With an image taking apparatus, such as a digital still camera, pressing the shutter causes the capturing of a still image. The taken original image data is subjected to internal signal processing, such as imaged signal processing and encode processing, and the resultant processed data is recorded to a detachable recording media for example. In this process, the taken original image data is temporarily held in an image memory before being subjected to internal signal processing. This image memory, formed by a DRAM (Dynamic Random Access Memory) or an SDRAM (Synchronous DRAM), has come to require a larger storage capacity prompted by the recent technologies of packing the greater number of pixels, but at the expense of increased hardware cost and power dissipation.

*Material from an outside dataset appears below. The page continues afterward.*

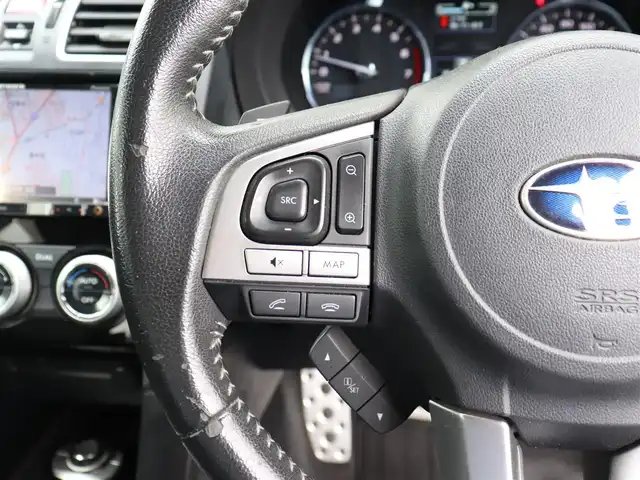 スバル フォレスター 2．0XT アイサイト 神奈川県 2015(平27)年 5.9万km クリスタルホワイトP 4WD/シルバールーフレール/ステアリングスイッチ/ETC /バックカメラ /純正メモリナビ /CD/DVDプレーヤー/フルセグテレビ/シートヒーター/クルーズコントロール/ドアバイザー/プッシュスタート/保証書/取説/スペアキー/記録簿(H28/29/30/R3/5/6/)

Therefore, with conventional image taking apparatuses, the taken original image data is compressed before being stored in the image memory. The compressed data is read from the image memory and decompressed to be subjected to later processing. For example, an image processing circuit is proposed (Japanese Patent Laid-Open No. 2002-111989 (FIG. 3) for example) in which the original image data is compressed by executing an entropy encoding processing such as binary arithmetic coding and Huffman coding on a difference value between two nearby pixels. In the conventional technique described above, the correlation between nearby pixels is used to reduce the amount of data to be stored in the image memory. The correlation between pixels is obtained by executing hardware or software processing; in the hardware approach, an entropy encoding processing circuit must be separately prepared, while the software approach presents a problem of making the processing time longer due to the packing of increasing number of pixels.
It is therefore an object of the present invention to provide a compression and decompression technique that is simpler than conventional equivalent but significantly reduces the required storage size of the image memory.